- Task requirements -
Every record is to be returned as written, with no omissions.

- Extracted material -
== == ==

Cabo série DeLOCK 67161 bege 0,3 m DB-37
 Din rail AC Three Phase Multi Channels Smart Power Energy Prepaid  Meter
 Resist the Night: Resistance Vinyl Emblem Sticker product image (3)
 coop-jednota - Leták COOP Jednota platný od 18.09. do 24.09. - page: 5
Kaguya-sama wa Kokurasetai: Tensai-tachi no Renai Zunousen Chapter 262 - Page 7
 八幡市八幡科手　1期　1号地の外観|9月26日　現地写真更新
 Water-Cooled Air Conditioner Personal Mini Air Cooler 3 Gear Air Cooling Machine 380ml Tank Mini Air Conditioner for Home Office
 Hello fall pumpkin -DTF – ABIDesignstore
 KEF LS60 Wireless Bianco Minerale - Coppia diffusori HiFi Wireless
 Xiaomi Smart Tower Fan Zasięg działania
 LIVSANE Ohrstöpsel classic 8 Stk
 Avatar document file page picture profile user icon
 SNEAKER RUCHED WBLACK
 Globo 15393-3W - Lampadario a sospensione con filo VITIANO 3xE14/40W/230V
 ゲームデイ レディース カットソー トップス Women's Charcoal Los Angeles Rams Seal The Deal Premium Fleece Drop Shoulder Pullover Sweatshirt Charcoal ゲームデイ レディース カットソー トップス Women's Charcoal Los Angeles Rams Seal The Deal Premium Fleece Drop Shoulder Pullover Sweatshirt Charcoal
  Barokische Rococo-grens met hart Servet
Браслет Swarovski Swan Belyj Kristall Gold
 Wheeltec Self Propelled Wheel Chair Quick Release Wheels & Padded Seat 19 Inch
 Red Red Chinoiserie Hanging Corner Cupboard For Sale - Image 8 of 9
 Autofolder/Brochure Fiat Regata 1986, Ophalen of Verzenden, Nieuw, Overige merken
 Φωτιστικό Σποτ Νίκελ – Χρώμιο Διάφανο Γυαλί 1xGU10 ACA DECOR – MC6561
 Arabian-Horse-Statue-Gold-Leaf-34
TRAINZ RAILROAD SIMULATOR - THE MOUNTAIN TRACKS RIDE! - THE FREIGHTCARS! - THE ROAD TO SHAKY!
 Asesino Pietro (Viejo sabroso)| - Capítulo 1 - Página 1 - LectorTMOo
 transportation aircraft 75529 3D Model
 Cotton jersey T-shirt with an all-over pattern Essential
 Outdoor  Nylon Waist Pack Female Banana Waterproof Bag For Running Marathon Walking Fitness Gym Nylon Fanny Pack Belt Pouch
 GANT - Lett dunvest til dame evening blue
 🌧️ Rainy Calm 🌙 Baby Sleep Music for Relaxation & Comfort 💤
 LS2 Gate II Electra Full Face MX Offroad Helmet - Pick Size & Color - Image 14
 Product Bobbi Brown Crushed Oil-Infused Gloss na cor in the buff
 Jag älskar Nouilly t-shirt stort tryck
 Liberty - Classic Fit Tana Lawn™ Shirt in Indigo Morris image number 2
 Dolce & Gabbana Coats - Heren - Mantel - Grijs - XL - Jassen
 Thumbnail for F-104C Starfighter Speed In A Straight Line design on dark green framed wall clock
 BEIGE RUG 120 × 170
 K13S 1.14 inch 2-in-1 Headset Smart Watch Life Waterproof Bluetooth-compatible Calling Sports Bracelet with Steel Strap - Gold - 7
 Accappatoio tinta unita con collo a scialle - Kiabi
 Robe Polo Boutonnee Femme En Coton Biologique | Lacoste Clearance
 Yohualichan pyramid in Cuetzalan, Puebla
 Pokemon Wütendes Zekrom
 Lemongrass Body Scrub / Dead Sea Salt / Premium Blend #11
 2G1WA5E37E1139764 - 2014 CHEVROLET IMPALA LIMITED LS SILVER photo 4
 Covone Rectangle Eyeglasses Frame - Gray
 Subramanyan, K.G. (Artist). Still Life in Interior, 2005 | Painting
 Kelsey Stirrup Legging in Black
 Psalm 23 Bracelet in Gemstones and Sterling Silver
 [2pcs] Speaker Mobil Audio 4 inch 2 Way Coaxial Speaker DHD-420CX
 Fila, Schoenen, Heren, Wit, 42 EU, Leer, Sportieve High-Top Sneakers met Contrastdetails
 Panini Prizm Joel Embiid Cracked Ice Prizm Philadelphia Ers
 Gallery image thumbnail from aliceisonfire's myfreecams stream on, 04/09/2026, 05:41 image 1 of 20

== == ==

- Answer area -
Cabo série DeLOCK 67161 bege 0,3 m DB-37
 Din rail AC Three Phase Multi Channels Smart Power Energy Prepaid  Meter
 Resist the Night: Resistance Vinyl Emblem Sticker product image (3)
 coop-jednota - Leták COOP Jednota platný od 18.09. do 24.09. - page: 5
Kaguya-sama wa Kokurasetai: Tensai-tachi no Renai Zunousen Chapter 262 - Page 7
 八幡市八幡科手　1期　1号地の外観|9月26日　現地写真更新
 Water-Cooled Air Conditioner Personal Mini Air Cooler 3 Gear Air Cooling Machine 380ml Tank Mini Air Conditioner for Home Office
 Hello fall pumpkin -DTF – ABIDesignstore
 KEF LS60 Wireless Bianco Minerale - Coppia diffusori HiFi Wireless
 Xiaomi Smart Tower Fan Zasięg działania
 LIVSANE Ohrstöpsel classic 8 Stk
 Avatar document file page picture profile user icon
 SNEAKER RUCHED WBLACK
 Globo 15393-3W - Lampadario a sospensione con filo VITIANO 3xE14/40W/230V
 ゲームデイ レディース カットソー トップス Women's Charcoal Los Angeles Rams Seal The Deal Premium Fleece Drop Shoulder Pullover Sweatshirt Charcoal ゲームデイ レディース カットソー トップス Women's Charcoal Los Angeles Rams Seal The Deal Premium Fleece Drop Shoulder Pullover Sweatshirt Charcoal
  Barokische Rococo-grens met hart Servet
Браслет Swarovski Swan Belyj Kristall Gold
 Wheeltec Self Propelled Wheel Chair Quick Release Wheels & Padded Seat 19 Inch
 Red Red Chinoiserie Hanging Corner Cupboard For Sale - Image 8 of 9
 Autofolder/Brochure Fiat Regata 1986, Ophalen of Verzenden, Nieuw, Overige merken
 Φωτιστικό Σποτ Νίκελ – Χρώμιο Διάφανο Γυαλί 1xGU10 ACA DECOR – MC6561
 Arabian-Horse-Statue-Gold-Leaf-34
TRAINZ RAILROAD SIMULATOR - THE MOUNTAIN TRACKS RIDE! - THE FREIGHTCARS! - THE ROAD TO SHAKY!
 Asesino Pietro (Viejo sabroso)| - Capítulo 1 - Página 1 - LectorTMOo
 transportation aircraft 75529 3D Model
 Cotton jersey T-shirt with an all-over pattern Essential
 Outdoor  Nylon Waist Pack Female Banana Waterproof Bag For Running Marathon Walking Fitness Gym Nylon Fanny Pack Belt Pouch
 GANT - Lett dunvest til dame evening blue
 🌧️ Rainy Calm 🌙 Baby Sleep Music for Relaxation & Comfort 💤
 LS2 Gate II Electra Full Face MX Offroad Helmet - Pick Size & Color - Image 14
 Product Bobbi Brown Crushed Oil-Infused Gloss na cor in the buff
 Jag älskar Nouilly t-shirt stort tryck
 Liberty - Classic Fit Tana Lawn™ Shirt in Indigo Morris image number 2
 Dolce & Gabbana Coats - Heren - Mantel - Grijs - XL - Jassen
 Thumbnail for F-104C Starfighter Speed In A Straight Line design on dark green framed wall clock
 BEIGE RUG 120 × 170
 K13S 1.14 inch 2-in-1 Headset Smart Watch Life Waterproof Bluetooth-compatible Calling Sports Bracelet with Steel Strap - Gold - 7
 Accappatoio tinta unita con collo a scialle - Kiabi
 Robe Polo Boutonnee Femme En Coton Biologique | Lacoste Clearance
 Yohualichan pyramid in Cuetzalan, Puebla
 Pokemon Wütendes Zekrom
 Lemongrass Body Scrub / Dead Sea Salt / Premium Blend #11
 2G1WA5E37E1139764 - 2014 CHEVROLET IMPALA LIMITED LS SILVER photo 4
 Covone Rectangle Eyeglasses Frame - Gray
 Subramanyan, K.G. (Artist). Still Life in Interior, 2005 | Painting
 Kelsey Stirrup Legging in Black
 Psalm 23 Bracelet in Gemstones and Sterling Silver
 [2pcs] Speaker Mobil Audio 4 inch 2 Way Coaxial Speaker DHD-420CX
 Fila, Schoenen, Heren, Wit, 42 EU, Leer, Sportieve High-Top Sneakers met Contrastdetails
 Panini Prizm Joel Embiid Cracked Ice Prizm Philadelphia Ers
 Gallery image thumbnail from aliceisonfire's myfreecams stream on, 04/09/2026, 05:41 image 1 of 20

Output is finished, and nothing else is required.